Les rapports et les KPI pour la gestion RH d’une PME
Alors attention, je ne dis pas qu’il faut jeter à la poubelle le savoir-faire en management que vous avez acquis pendant la phase start-up, notamment :
- Le style du manager minute que j’apprécie particulièrement
- Féliciter un collaborateur lorsqu’il a eu un bon résultat, et le réprimander lorsqu’il a eu un mauvais comportement
- Faire participer les employés dans la vie de l’entreprise
- Même si c’est plus difficile, toujours être à l’écoute de ses équipes
- Ne jamais court-circuiter l’autorité d’un responsable
- Expliquer en quoi l’action de chaque collaborateur participe à la réussite globale de l’entreprise
- Toujours être transparent et honnête
- Toujours payer ses employés en temps et en heure
- Et bien d’autres points encore qui mériteraient que j’écrive un article rien que pour ça…

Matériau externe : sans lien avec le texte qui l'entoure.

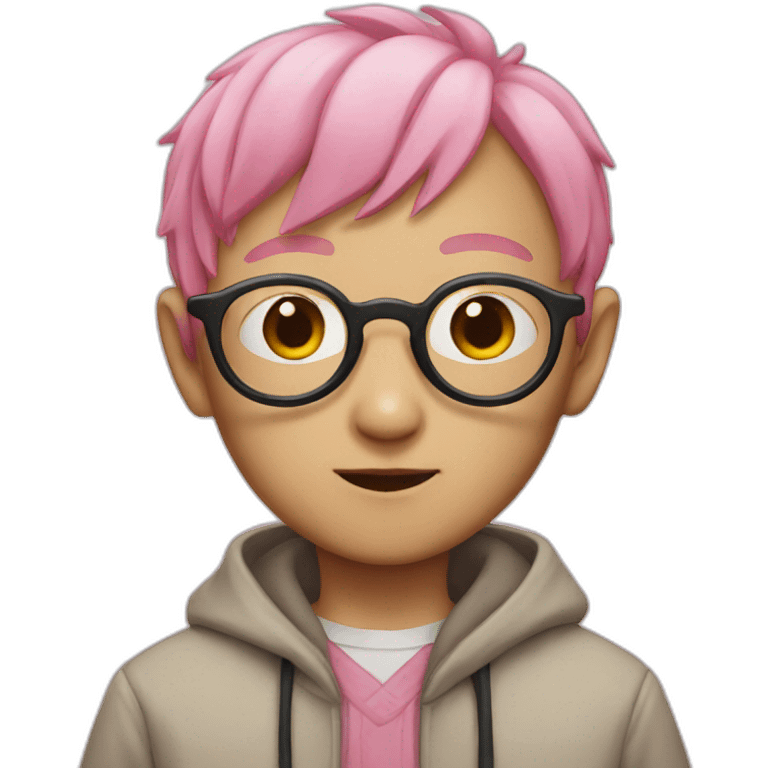 asian dobby with pink hair and glasses emoji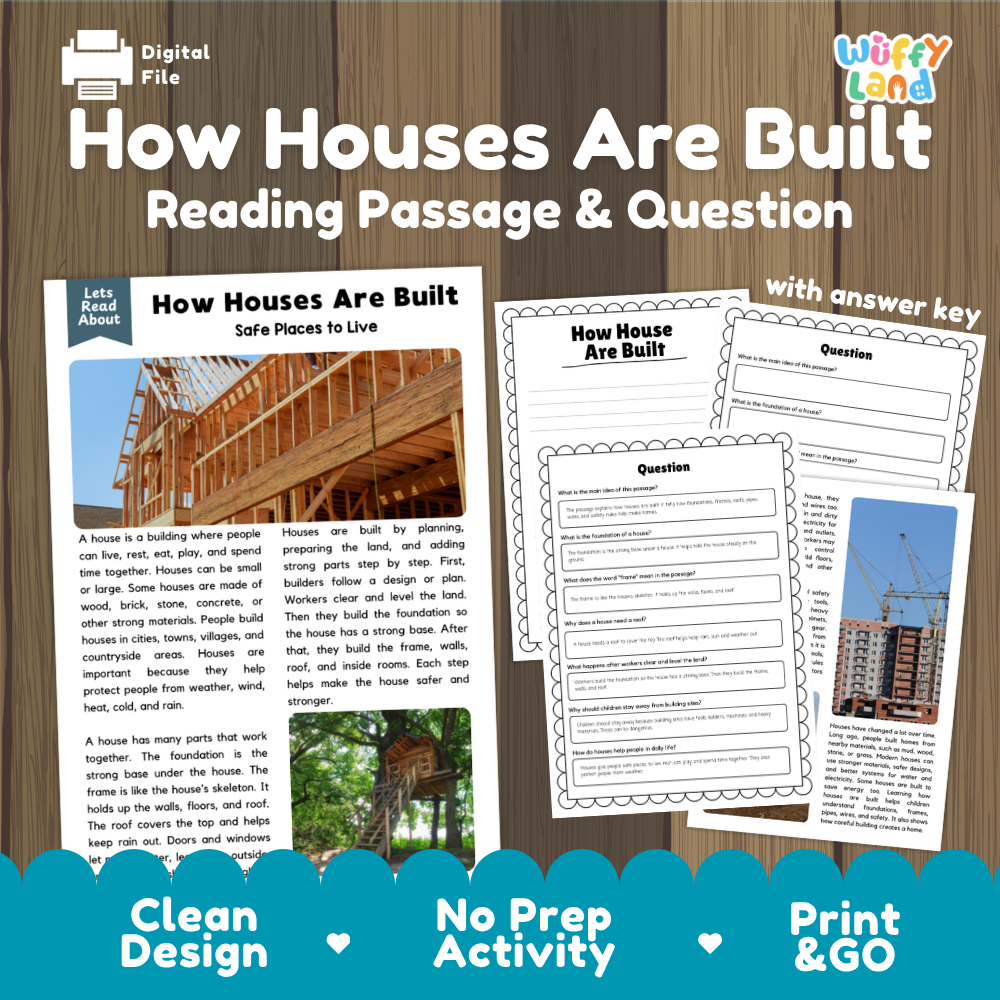 How houses are built reading comprehension passage and questions printable activity pack with answer key for elementary students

Mais il y a une méthodologie, qui a été négligée pendant la phase start-up, qui doit prendre désormais une place prédominante dans le temps du gérant : le suivi des rapports et des KPI.
En d’autres termes :
Il faut gérer ses équipes par les faits et les chiffres
Un responsable peu scrupuleux vous mentira. Les faits et les chiffres non.
Je suis tout à fait conscient qu’il n’y a rien de sexy à suivre une série de chiffres dans un tableau. Mais cela fait partie à part entière du travail d’un gérant d’une PME. Sinon il navigue à vue, comme un commandant d’un avion de ligne ou d’un navire cargo dirigerait sans ses instruments de mesure et ses rapports météorologiques.
Toute la subtilité dans la gestion par les faits et les chiffres réside dans le choix des indicateurs clés de performance à suivre, et à ce sujet je vous invite à consulter notre liste d’exemples de KPI. Les indicateurs de performance sont différents d’une entreprise à l’autre, même entre deux concurrents car leur choix découle de la stratégie de l’entreprise.
Petite astuce : si vous avez un responsable qui rechigne à rendre ses rapports quantitatifs, en prétextant toutes sortes de motifs plus ou moins valables, alors posez vous des questions à son sujet…
Bien sûr on ne suit pas des KPI si vous n’avez pas informatisé votre entreprise… Et pour cela vous avez deux grandes options :
- Vous utilisez un logiciel de gestion d’entreprise qui vous délivrera des données de business intelligence, comme par exemple un ERP
- Vous utilisez des tableaux de type Excel, ou mieux des tableurs en ligne
Il ne vous reste plus qu’à fixer vos objectifs, à analyser les écarts pour prévenir les problèmes de productivité et à surveiller les données incohérentes pour détecter vos mauvais employés… Vous disposez de nouvelles armes pour vous transformer en grand compte et pour gérer des milliers d’employés dans plusieurs pays.